SKILL.md

GrepAI Embeddings with Ollama

This skill covers using Ollama as the embedding provider for GrepAI, enabling 100% private, local code search.

When to Use This Skill

Setting up private, local embeddings

Choosing the right Ollama model

Optimizing Ollama performance

Troubleshooting Ollama connection issues

Why Ollama?

Advantage

Description

🔒 Privacy

Code never leaves your machine

💰 Free

No API costs or usage limits

⚡ Speed

No network latency

🔌 Offline

Works without internet

🔧 Control

Choose your model

Prerequisites

Ollama installed and running

An embedding model downloaded

# Install Ollama

brew install ollama  # macOS

# or

curl -fsSL https://ollama.com/install.sh | sh  # Linux

# Start Ollama

ollama serve

# Download model

ollama pull nomic-embed-text

Configuration

Basic Configuration

# .grepai/config.yaml

embedder:

  provider: ollama

  model: nomic-embed-text

  endpoint: http://localhost:11434

With Custom Endpoint

embedder:

  provider: ollama

  model: nomic-embed-text

  endpoint: http://192.168.1.100:11434  # Remote Ollama server

With Explicit Dimensions

embedder:

  provider: ollama

  model: nomic-embed-text

  endpoint: http://localhost:11434

  dimensions: 768  # Usually auto-detected

Available Models

Recommended: nomic-embed-text

ollama pull nomic-embed-text

Property

Value

Dimensions

768

Size

~274 MB

Speed

Fast

Quality

Excellent for code

Language

English-optimized

Configuration:

embedder:

  provider: ollama

  model: nomic-embed-text

Multilingual: nomic-embed-text-v2-moe

ollama pull nomic-embed-text-v2-moe

Property

Value

Dimensions

768

Size

~500 MB

Speed

Medium

Quality

Excellent

Language

Multilingual

Best for codebases with non-English comments/documentation.

Configuration:

embedder:

  provider: ollama

  model: nomic-embed-text-v2-moe

High Quality: bge-m3

ollama pull bge-m3

Property

Value

Dimensions

1024

Size

~1.2 GB

Speed

Slower

Quality

Very high

Language

Multilingual

Best for large, complex codebases where accuracy is critical.

Configuration:

embedder:

  provider: ollama

  model: bge-m3

  dimensions: 1024

Maximum Quality: mxbai-embed-large

ollama pull mxbai-embed-large

Property

Value

Dimensions

1024

Size

~670 MB

Speed

Medium

Quality

Highest

Language

English

Configuration:

embedder:

  provider: ollama

  model: mxbai-embed-large

  dimensions: 1024

Model Comparison

Model

Dims

Size

Speed

Quality

Use Case

nomic-embed-text

768

274MB

⚡⚡⚡

⭐⭐⭐

General use

nomic-embed-text-v2-moe

768

500MB

⚡⚡

⭐⭐⭐⭐

Multilingual

bge-m3

1024

1.2GB

⚡

⭐⭐⭐⭐⭐

Large codebases

mxbai-embed-large

1024

670MB

⚡⚡

⭐⭐⭐⭐⭐

Maximum accuracy

Performance Optimization

Memory Management

Models load into RAM. Ensure sufficient memory:

Model

RAM Required

nomic-embed-text

~500 MB

nomic-embed-text-v2-moe

~800 MB

bge-m3

~1.5 GB

mxbai-embed-large

~1 GB

GPU Acceleration

Ollama automatically uses:

macOS: Metal (Apple Silicon)

Linux/Windows: CUDA (NVIDIA GPUs)

Check GPU usage:

ollama ps

Keeping Model Loaded

By default, Ollama unloads models after 5 minutes of inactivity.
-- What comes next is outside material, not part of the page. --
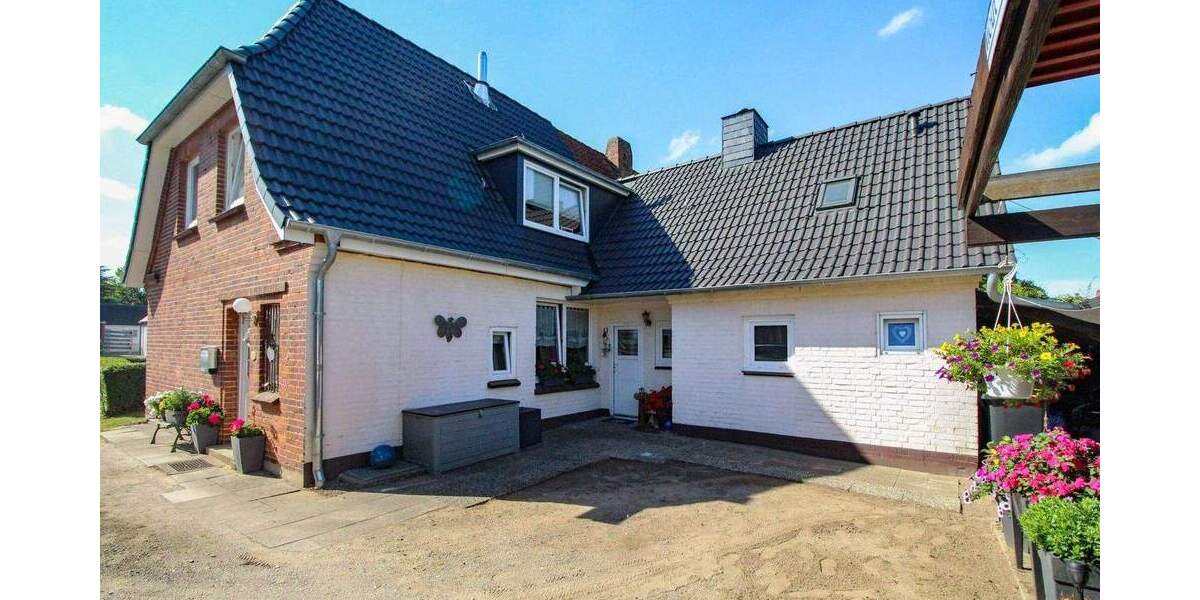 Charmante Doppelhaushälfte mit schönem Außenbereich und neuem Dach in ruhiger Lage von Pönitz 4 zimmer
Keep loaded:

# Keep model loaded indefinitely

curl http://localhost:11434/api/generate -d '{

  "model": "nomic-embed-text",

  "keep_alive": -1

}'

Verifying Connection

Check Ollama is Running

curl http://localhost:11434/api/tags

List Available Models

ollama list

Test Embedding

curl http://localhost:11434/api/embeddings -d '{

  "model": "nomic-embed-text",

  "prompt": "function authenticate(user, password)"

}'

Running Ollama as a Service

macOS (launchd)

Ollama app runs automatically on login.

Linux (systemd)

# Enable service

sudo systemctl enable ollama

# Start service

sudo systemctl start ollama

# Check status

sudo systemctl status ollama

Manual Background

nohup ollama serve > /dev/null 2>&#x26;1 &#x26;

Remote Ollama Server

Run Ollama on a powerful server and connect remotely:

On the Server

# Allow remote connections

OLLAMA_HOST=0.0.0.0 ollama serve

On the Client

# .grepai/config.yaml

embedder:

  provider: ollama

  model: nomic-embed-text

  endpoint: http://server-ip:11434

Common Issues

❌ Problem: Connection refused

✅ Solution:

# Start Ollama

ollama serve

❌ Problem: Model not found

✅ Solution:

# Pull the model

ollama pull nomic-embed-text

❌ Problem: Slow embedding generation

✅ Solutions:

Use a smaller model (nomic-embed-text)

Ensure GPU is being used (ollama ps)

Close memory-intensive applications

Consider a remote server with better hardware

❌ Problem: Out of memory

✅ Solutions:

Use a smaller model

Close other applications

Upgrade RAM

Use remote Ollama server

❌ Problem: Embeddings differ after model update

✅ Solution: Re-index after model updates:

rm .grepai/index.gob

grepai watch

Best Practices

**Start with nomic-embed-text:** Best balance of speed/quality

Keep Ollama running: Background service recommended

Match dimensions: Don't mix models with different dimensions

Re-index on model change: Delete index and re-run watch

Monitor memory: Embedding models use significant RAM

Output Format

Successful Ollama configuration:

✅ Ollama Embedding Provider Configured

   Provider: Ollama

   Model: nomic-embed-text

   Endpoint: http://localhost:11434

   Dimensions: 768 (auto-detected)

   Status: Connected

   Model Info:

   - Size: 274 MB

   - Loaded: Yes

   - GPU: Apple Metal

grepai-embeddings-ollama

SKILL.md

GrepAI Embeddings with Ollama

When to Use This Skill

Why Ollama?

Prerequisites

Configuration

Basic Configuration

With Custom Endpoint

With Explicit Dimensions

Available Models

Recommended: nomic-embed-text

Multilingual: nomic-embed-text-v2-moe

High Quality: bge-m3

Maximum Quality: mxbai-embed-large

Model Comparison

Performance Optimization

Memory Management

GPU Acceleration

Keeping Model Loaded

Verifying Connection

Check Ollama is Running

List Available Models

Test Embedding

Running Ollama as a Service

macOS (launchd)

Linux (systemd)

Manual Background

Remote Ollama Server

On the Server

On the Client

Common Issues

Best Practices

Output Format

Stop writing automation&scrapers

grepai-embeddings-ollama

SKILL.md

GrepAI Embeddings with Ollama

When to Use This Skill

Why Ollama?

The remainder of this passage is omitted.